In my last post I made the point that truth is contingent on human motivations. I got a couple comments interpreting me as saying that truth is arbitrary. This is definitely not what I mean, and it's also not the first time I've encountered this confusion, so I want to write a brief post to tackle this point head on.

What does it mean to say that something is contingent? It means that it depends on something else. So, for example, when I said in my post that truth is contingent, I mean that it's a concept whose shape depends on other things, like the shape of other concepts and our motivations.

This is quite different from claiming that something is arbitrary. Something is arbitrary if it is chosen or formed without concern for suitability to some purpose or is otherwise not dependent on other things. For something to be arbitrary it has to be like a free variable in an equation, totally unconstrained by anything else, existing outside causality.

(There are shades of meaning in language I'm excluding here. Some people use "arbitrary" to mean "lots of degrees of freedom" rather than "infinite degrees of freedom". But my point will stand so long as you agree that "contingent" implies "no or very few degrees of freedom" and "arbitrary" means "lots of degrees of freedom".)

Laid out like that the difference between these terms is clear enough, but then why, when I write about something like truth being contingent, do people interpret me to mean that it's arbitrary? I'll try to tell a plausible story to explain why I think this happens.

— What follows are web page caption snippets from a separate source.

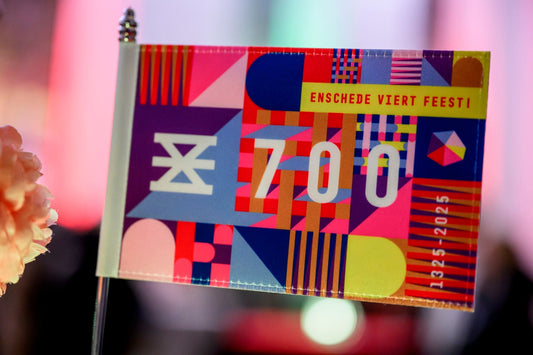 700 jaar Enschede vieren met een origineel stukje textiel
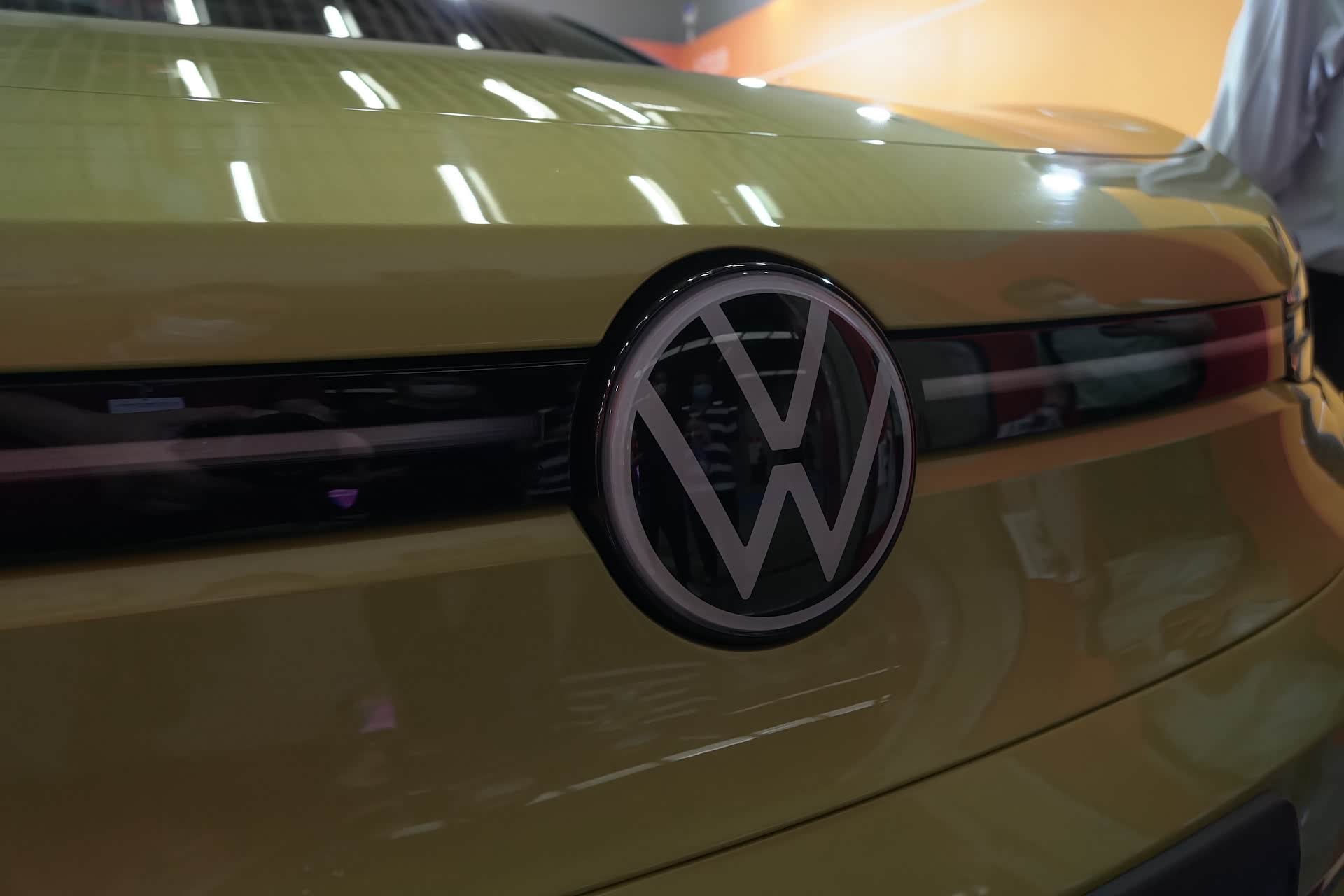 这灯和这横条是可以点亮的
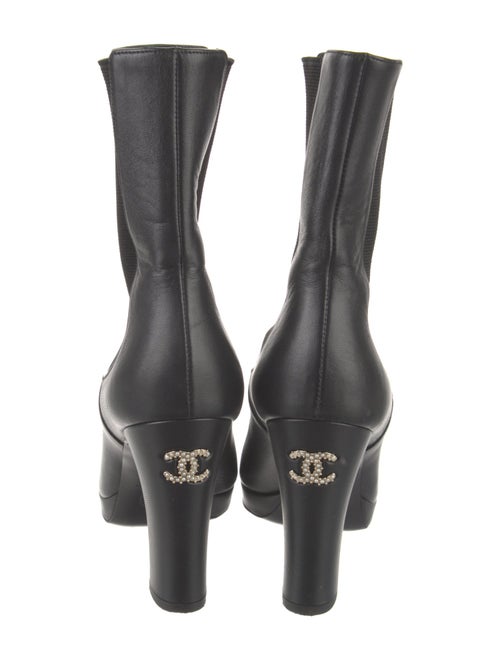 Chanel 2020 Interlocking CC Logo Chelsea Boots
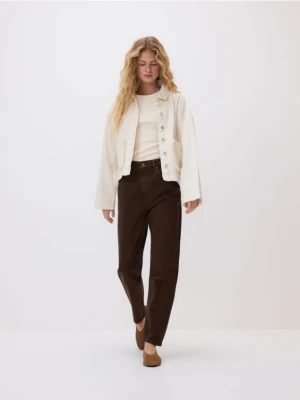 Reserved - Jeansy mom fit slim - brązowy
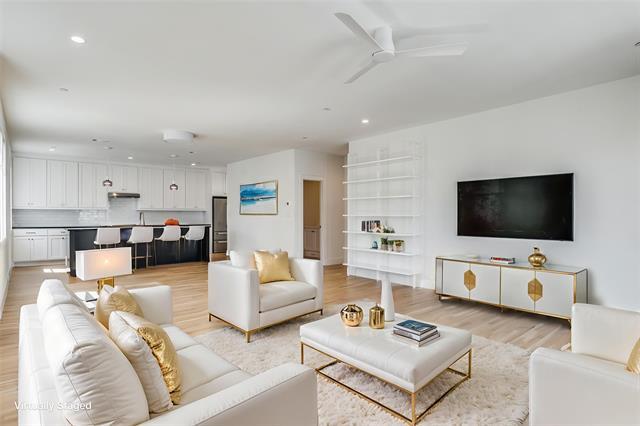 Foto principal - 7207 Gaston Ave
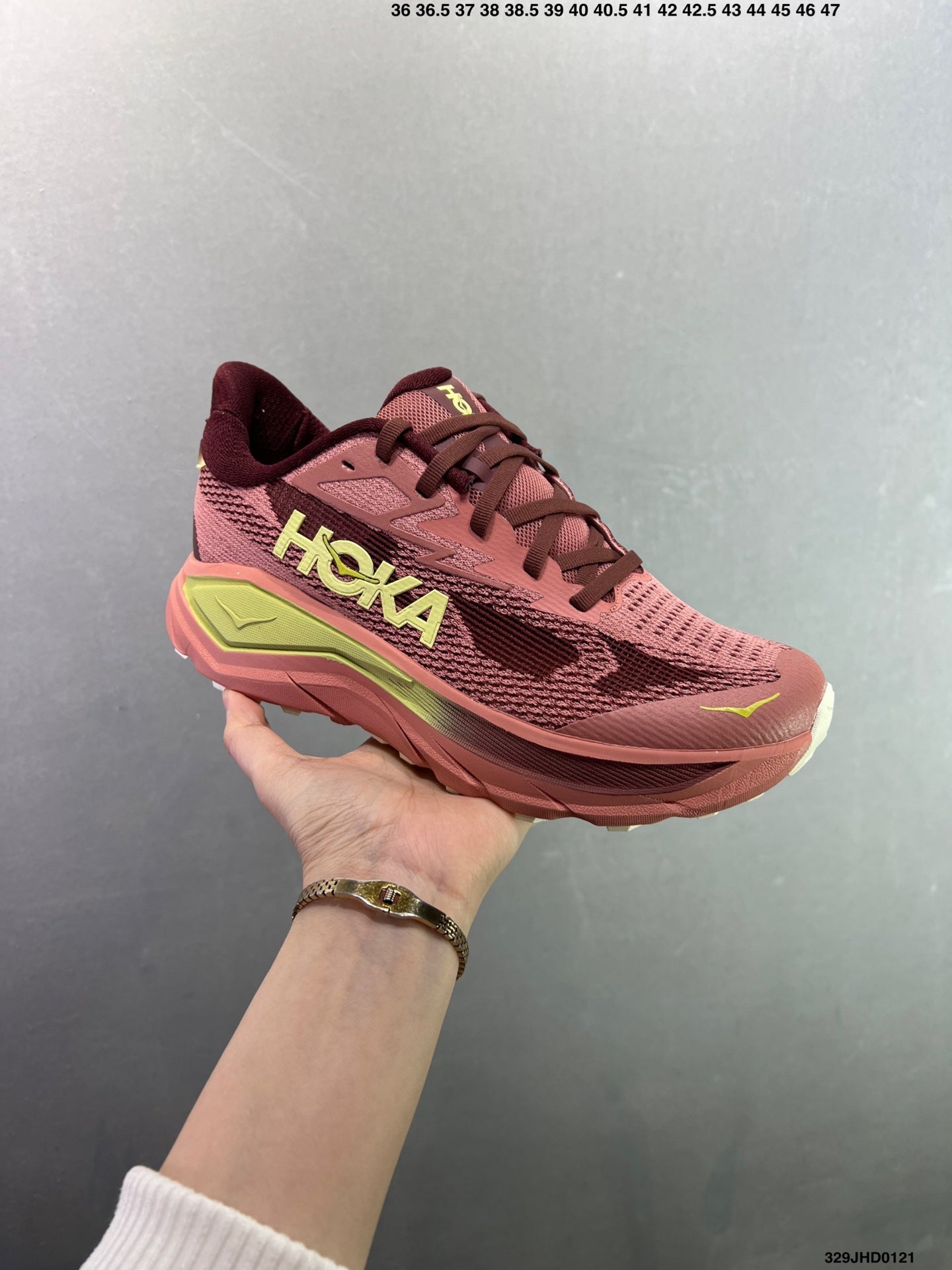 HOKA CHALLENGER 8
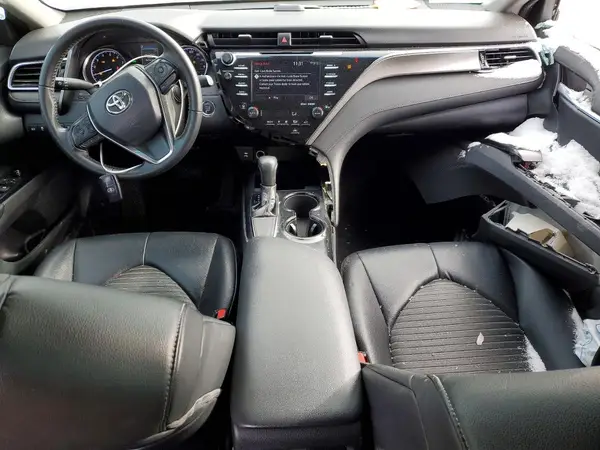 4T1B11HK0JU130545 2018 TOYOTA CAMRY - Image 8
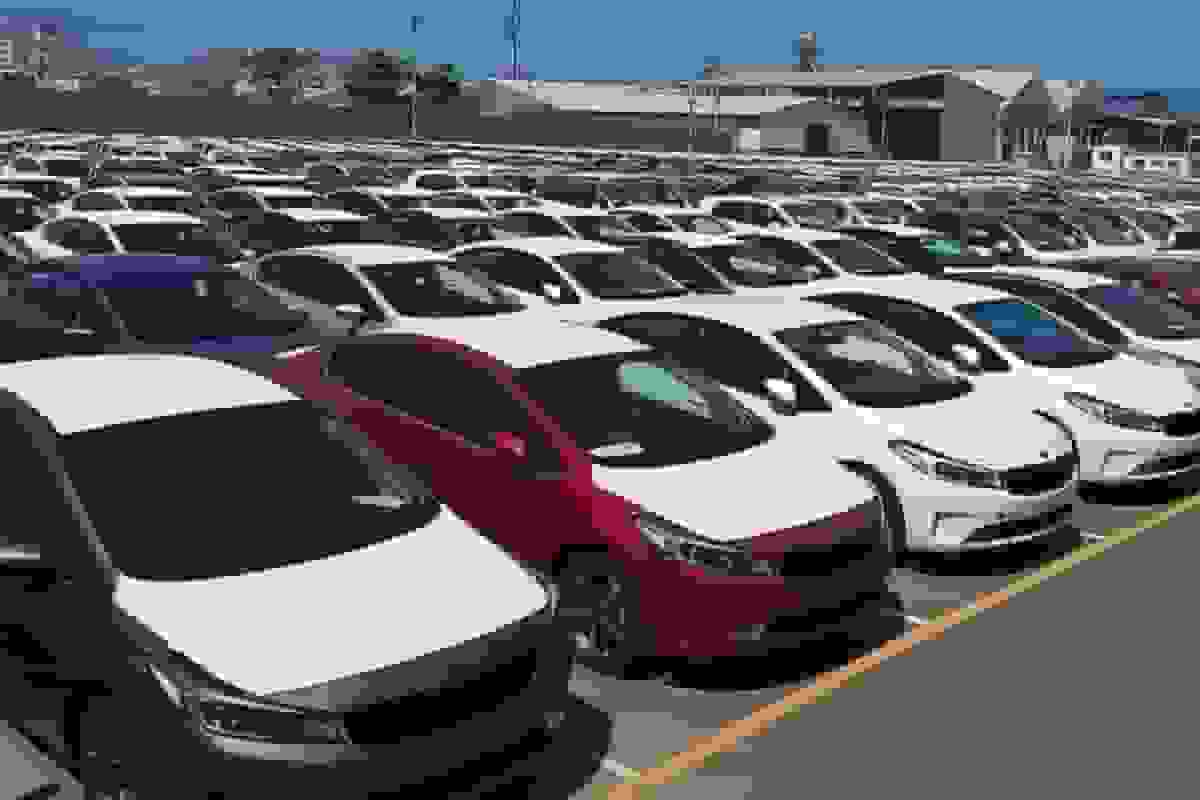 اصلاح آیین‌نامه واردات خودرو برای ایرانیان مقیم خارج تا پایان ۱۴۰۵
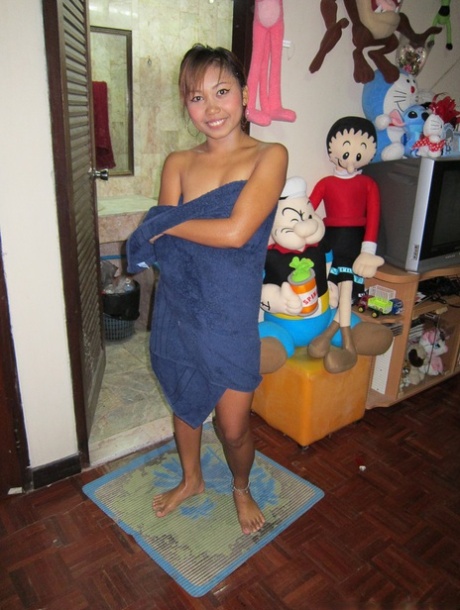 Petite Thai girl sports a fresh creampie after fucking a Farang in POV mode 72081858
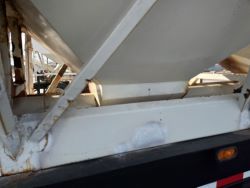 1634906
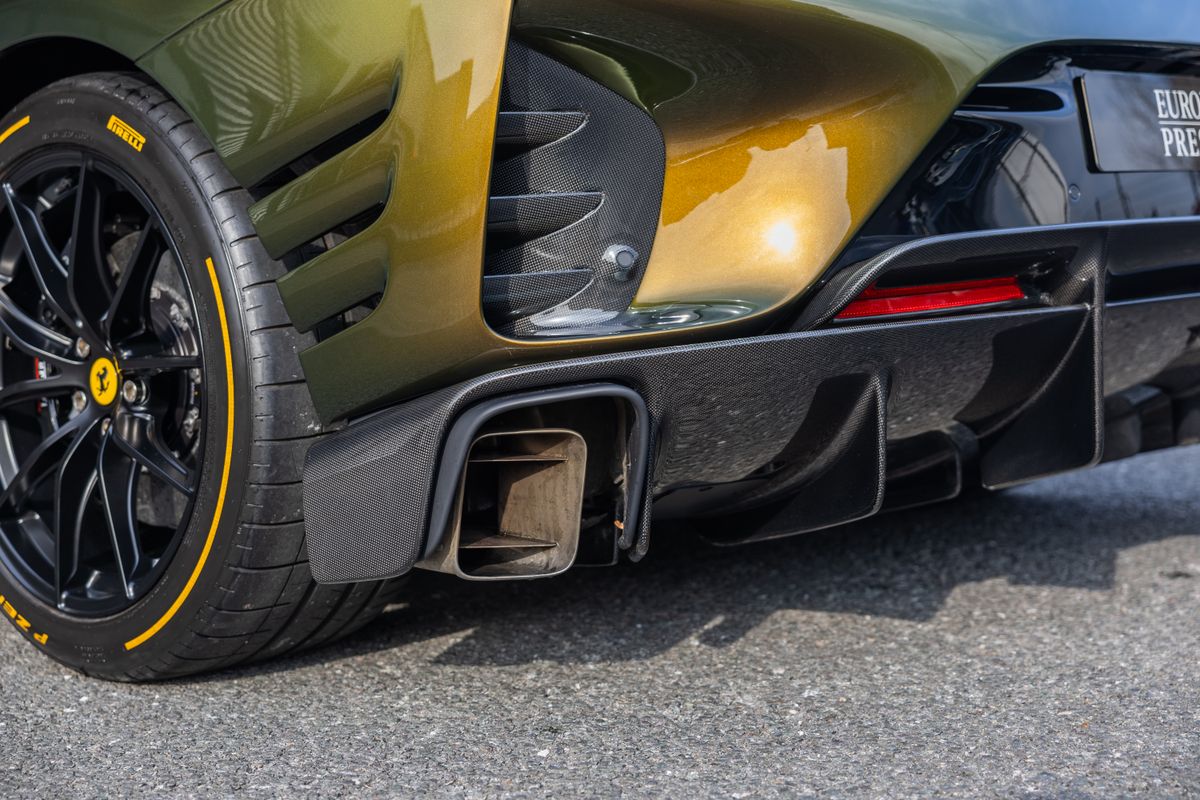 2024 Ferrari 812 Competizione Aperta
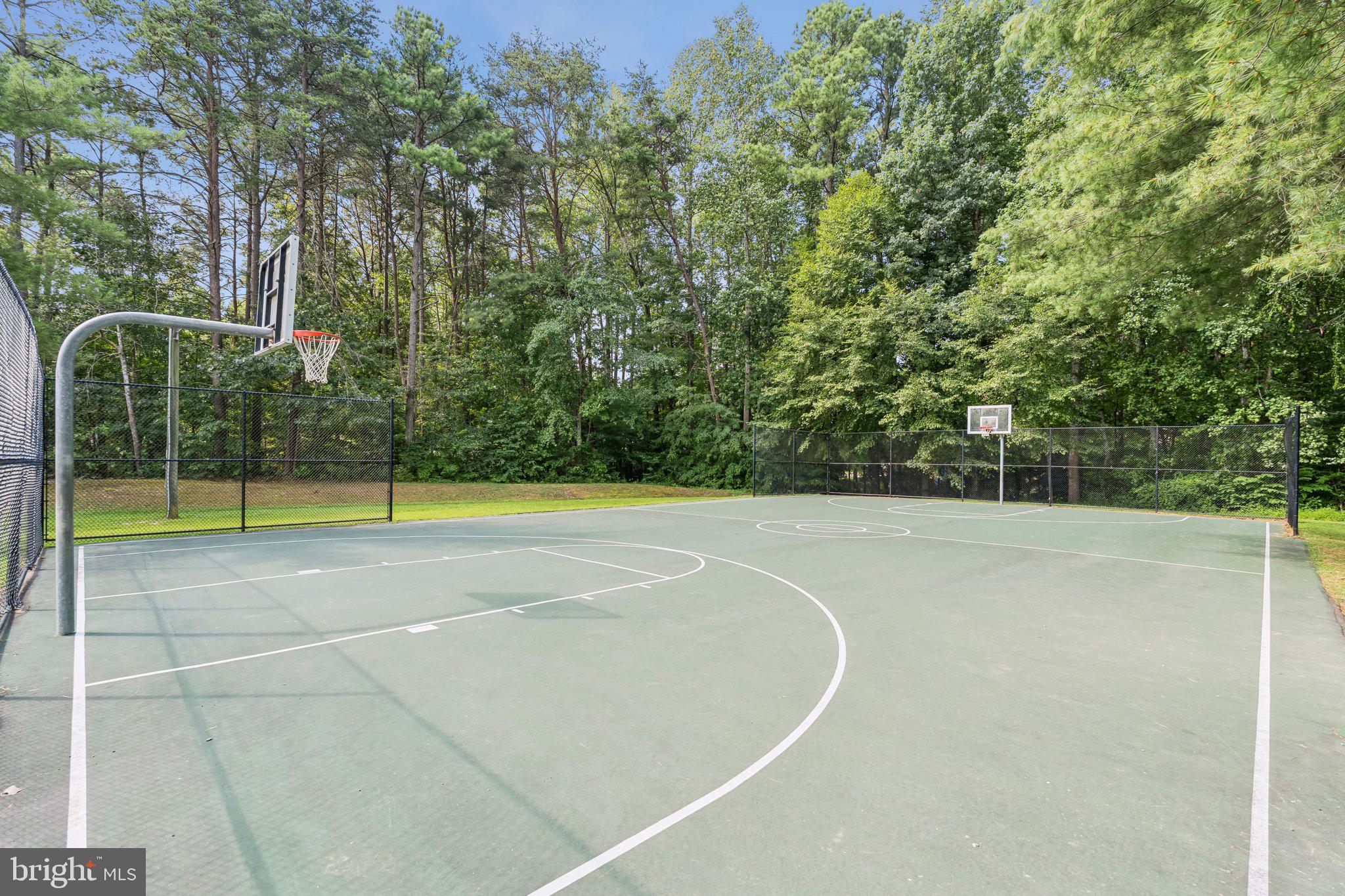 LAKE LAND OR - Residential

When we're young we develop a fairly simple ontology of the world. Some things seem fixed and permanent and other things seem variable and changing. Fixed things stay the same and don't change, and variable things change a bunch. For example, to a six-year old, things like their relationship with their parents, what foods they like, and what games they like playing probably feel fixed because they have no memory of them having been any other way. Meanwhile things that change seem to do so for arbitrary and literally inexplicable reasons because at that young age we're still building up our model of the world and it doesn't have very many gears in it yet. So we start to organize the world into what seems like a natural dichotomy: those things that are fixed and those that are not.

As we get older we encounter new concepts, including abstract concepts, and have to adapt our ontology to account for them. One of the main ways this adaption happens is via metaphors. So when we learn about ideas like "objectivity" and "subjectivity" we build our intuitive understanding of those concepts on metaphors about things that are fixed and variable, respectively. As a result, objective-coded concepts, like truth, end up on the fixed side of the categorical divide, and subjective-coded concepts, like experience, end up on the variable side. We then pull in associations we have with fixed and variable things to give nuance to our understanding of objective and subjective concepts, and as a result think of the objective as fixed and permanent and the subjective as variable and changing.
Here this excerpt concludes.